Helicobacter pylori, a Gram-negative bacterium found in the stomach, is a major cause of gastritis, peptic ulcers and stomach cancer.[1] The bacterium uses a membrane-bound lectin, Blood-group Antigen Binding Adhesin (BabA), to bind to Lewis b structures displayed on the surfaces of host cells.[2] By varying the pH of the environment of BabA, it was possible to change its binding preferences towards Lewis b structures.[3] Multivalent presentations of the Lewis b hexasaccharide, along with A- and B-Lewis b, will allow variable pH studies to be performed and determine how the binding preferences of BabA change.
A linear synthesis of B-Lewis b will be presented. Preparation of the heptasaccharide commenced with a 3’-OH lactoside acceptor, obtained via reductive ring-opening of a 3’,4’-endo-O-benzylidene acetal. NIS/AgOTf-promoted glycosylations yielded the desired 1,2-trans linkages while Lemieux’s halide-assisted glycosylation conditions were used to install the 1,2-cis linkages.[4] Upon global deprotection by Pd-catalysed hydrogenolysis, isothiocyanate methodology was employed to facilitate conjugation of the glycan to Bovine Serum Albumin (BSA).

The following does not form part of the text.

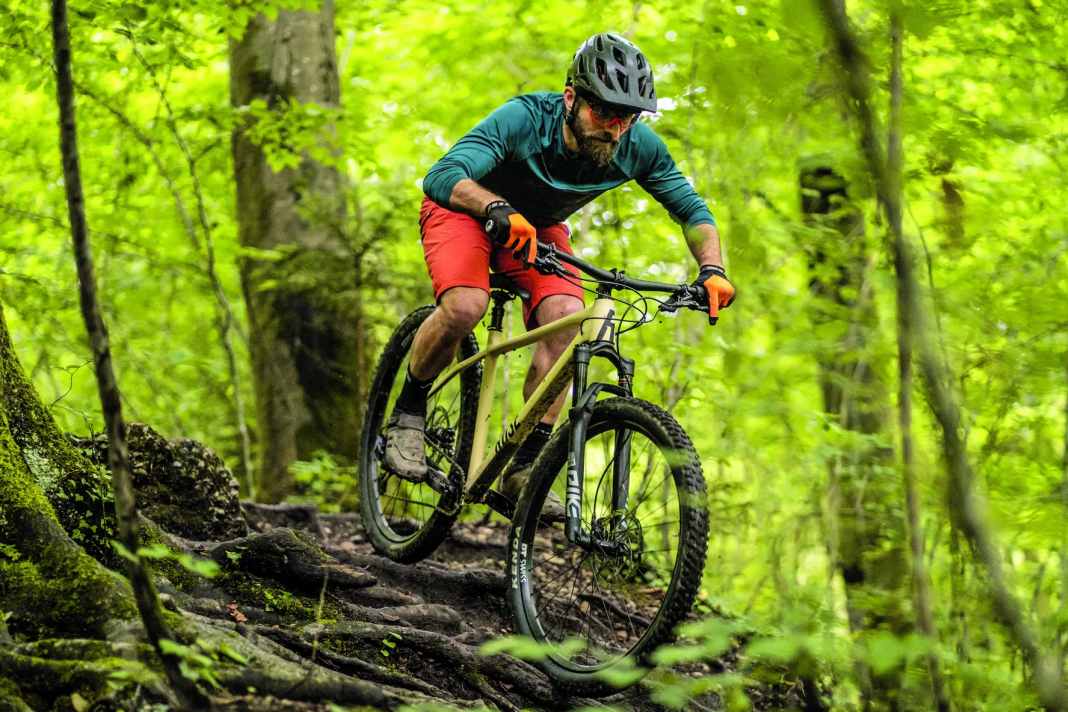 Trail-Hardtail im Test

Figure 1 – Lewis b structures attached to an amino-propyl hydrochloride spacer.
- Graham, D. Y. Gastroenterology 1989, 96, 615–625.
- Sweeney, E. G.; Guillemin, K. Cell Host Microbe 2016, 19, 5–7.
- Bugaytsova, J. A. et al. Cell Host Microbe 2017, 21, 376–38.
- Lemieux, R. U. et al. J. Am. Chem. Soc. 1975, 97, 4056–4062.